Is there anybody know this reason?
original :
W_layer = tf.Variable(tf.truncated_normal([inp.get_shape()[1].value, size],stddev=0.1), name='w_'+name)
#result : (990, 0.93000001, 0.89719999)
modified :
W_layer = tf.Variable(tf.truncated_normal([inp.get_shape()[1].value, size],stddev=200), name='w_'+name)
#result : (99990, 0.1, 0.098000005)
The reason is because you want to keep all the layer's variances (or standard deviations) approximately the same, and sane. It has to do with the error backpropagation step of the learning process and the activation functions used.
In order to learn the network's weights, the backpropagation step requires knowledge of the network's gradient, a measure of how strong each weight influences the input to reach the final output; layer's weight variance directly influences the propagation of gradients.
Say, for example, that the activation function is sigmoidal (e.g. tf.nn.sigmoid or tf.nn.tanh); this implies that all input values are squashed into a fixed output value range. For the sigmoid, it is the range 0..1, where essentially all values z greater or smaller than +/- 4 are very close to one (for z > 4) or zero (for z < -4) and only values within that range tend to have some meaningful "change".

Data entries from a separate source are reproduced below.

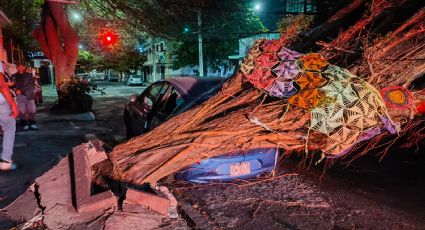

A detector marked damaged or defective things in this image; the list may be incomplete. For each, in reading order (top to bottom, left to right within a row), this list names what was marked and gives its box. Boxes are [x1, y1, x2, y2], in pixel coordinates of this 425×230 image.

damaged vehicle [124, 77, 276, 183]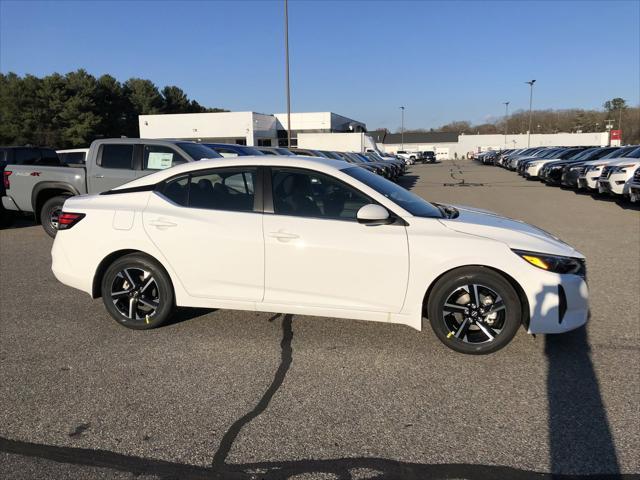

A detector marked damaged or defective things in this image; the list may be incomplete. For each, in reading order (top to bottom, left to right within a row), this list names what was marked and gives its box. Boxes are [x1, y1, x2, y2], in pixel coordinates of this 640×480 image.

parking lot crack [211, 316, 294, 468]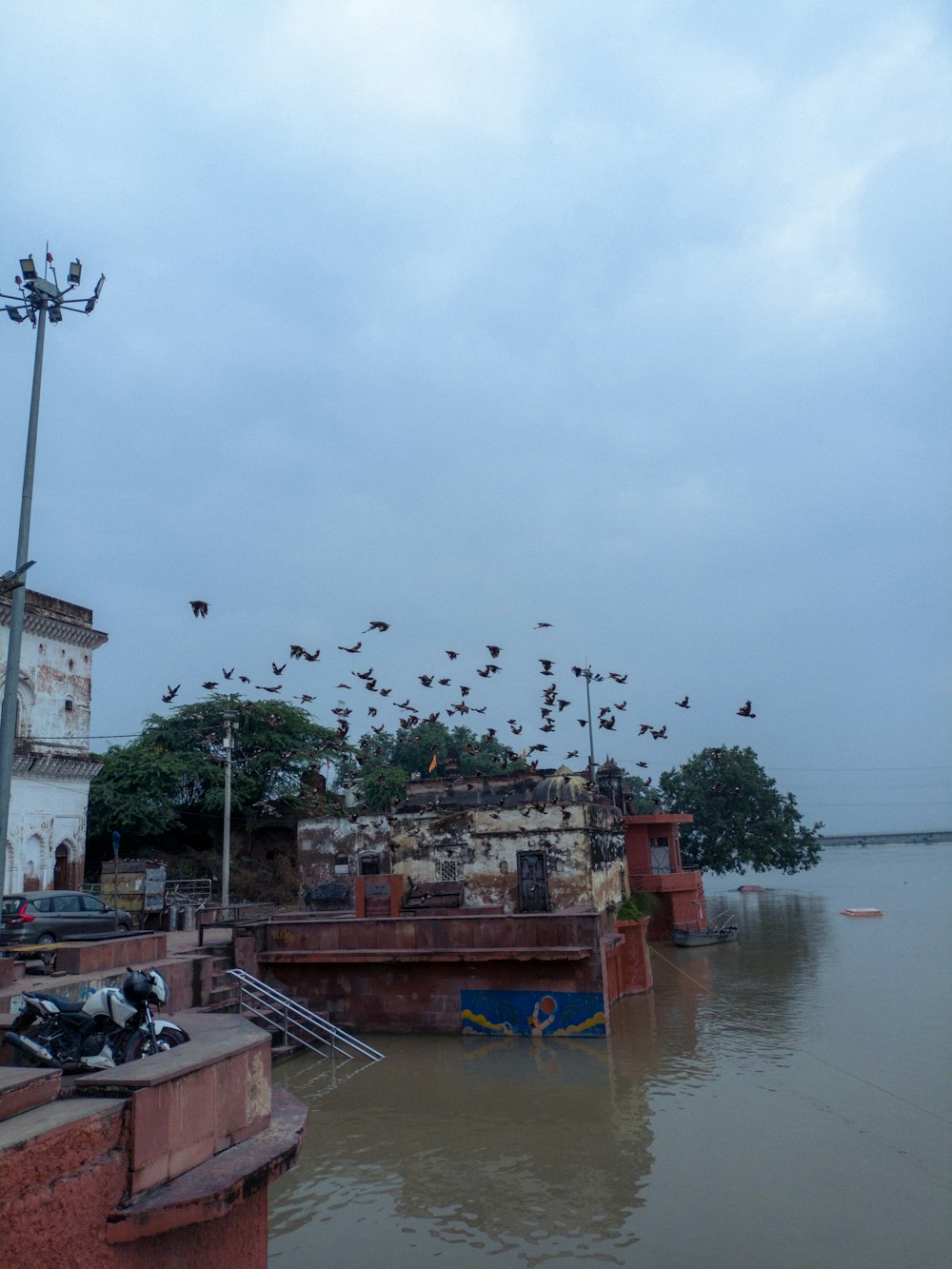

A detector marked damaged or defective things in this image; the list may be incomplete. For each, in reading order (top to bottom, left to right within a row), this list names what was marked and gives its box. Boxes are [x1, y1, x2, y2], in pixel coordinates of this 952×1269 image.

peeling plaster wall [0, 588, 108, 888]
peeling plaster wall [297, 802, 626, 913]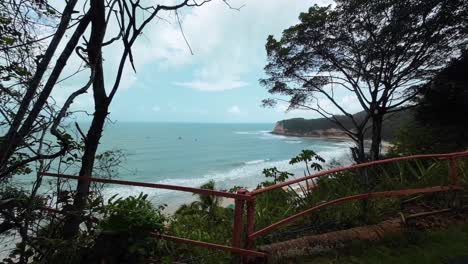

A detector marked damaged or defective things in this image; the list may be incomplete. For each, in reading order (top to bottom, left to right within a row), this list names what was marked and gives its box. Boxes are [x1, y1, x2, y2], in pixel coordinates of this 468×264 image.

rusty red paint [41, 172, 250, 199]
rusty red paint [250, 151, 468, 196]
rusty red paint [247, 186, 462, 239]
rusty red paint [155, 233, 266, 258]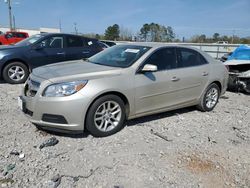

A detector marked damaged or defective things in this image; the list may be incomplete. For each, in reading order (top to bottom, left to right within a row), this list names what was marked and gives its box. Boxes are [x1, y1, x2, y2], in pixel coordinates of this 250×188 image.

damaged vehicle [225, 45, 250, 93]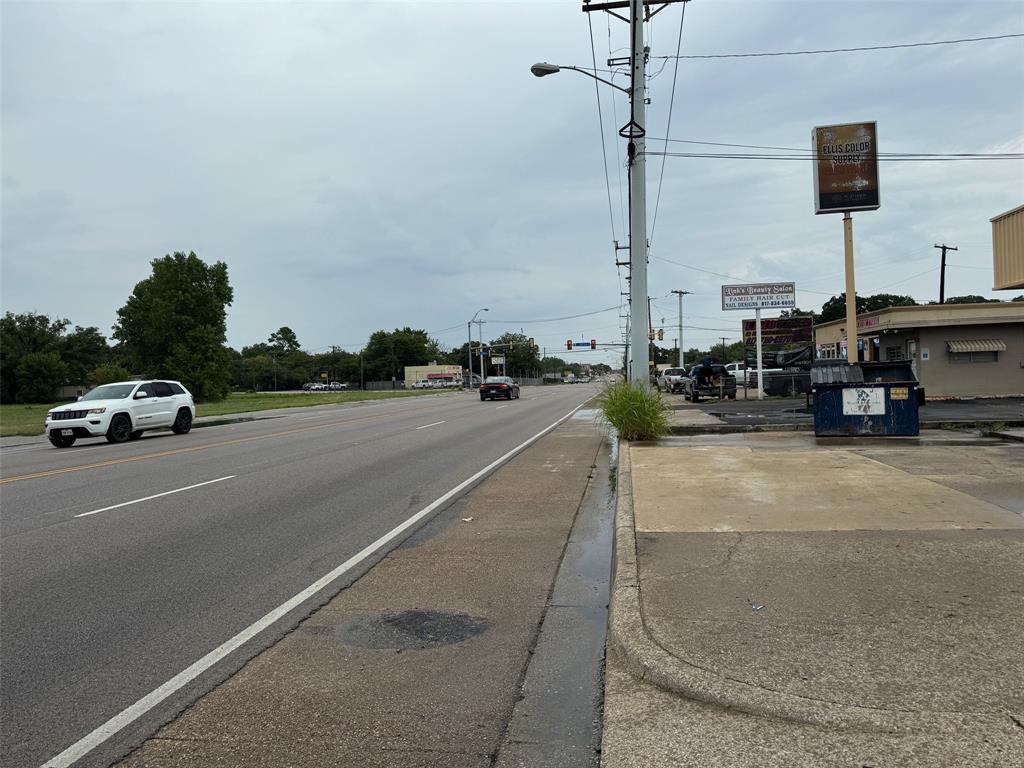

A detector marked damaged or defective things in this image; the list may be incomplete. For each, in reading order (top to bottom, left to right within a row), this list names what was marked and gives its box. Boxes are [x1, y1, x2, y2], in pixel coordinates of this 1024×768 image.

asphalt patch [327, 610, 487, 651]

Now the difference between the values sigmoid(5) and sigmoid(1000) is barely noticeable. Because of that, all very large or very small values will optimize very slowly, since their influence on the result y = sigmoid(W*x+b) is extremely small. Now the pre-activation value z = W*x+b (where x is the input) depends on the actual input x and the current weights W. If either of them is large, e.g. by initializing the weights with a high variance (i.e. standard deviation), the result will necessarily be (relatively) large, leading to said problem. This is also the reason why truncated_normal is used rather than a correct normal distribution: The latter only guarantees that most of the values are very close to the mean, with some less than 5% chance that this is not the case, while truncated_normal simply clips away every value that is too big or too small, guaranteeing that all weights are in the same range, while still being normally distributed.
To make matters worse, in a typical neural network - especially in deep learning - each network layer is followed by one or many others. If in each layer the output value range is big, the gradients will get bigger and bigger as well; this is known as the exploding gradients problem (a variation of the vanishing gradients, where gradients are getting smaller).
The reason that this is a problem is because learning starts at the very last layer and each weight is adjusted depending on how much it contributed to the error. If the gradients are indeed getting very big towards the end, the very last layer is the first one to pay a high toll for this: Its weights get adjusted very strongly - likely overcorrecting the actual problem - and then only the "remaining" error gets propagated further back, or up, the network. Here, since the last layer was already "fixed a lot" regarding the measured error, only smaller adjustments will be made. This may lead to the problem that the first layers are corrected only by a tiny bit or not at all, effectively preventing all learning there. The same basically happens if the learning rate is too big.
Finding the best weight initialization is a topic by itself and there are somewhat more sophisticated methods such as Xavier initialization or Layer-sequential unit variance, however small normally distributed values are usually simply a good guess.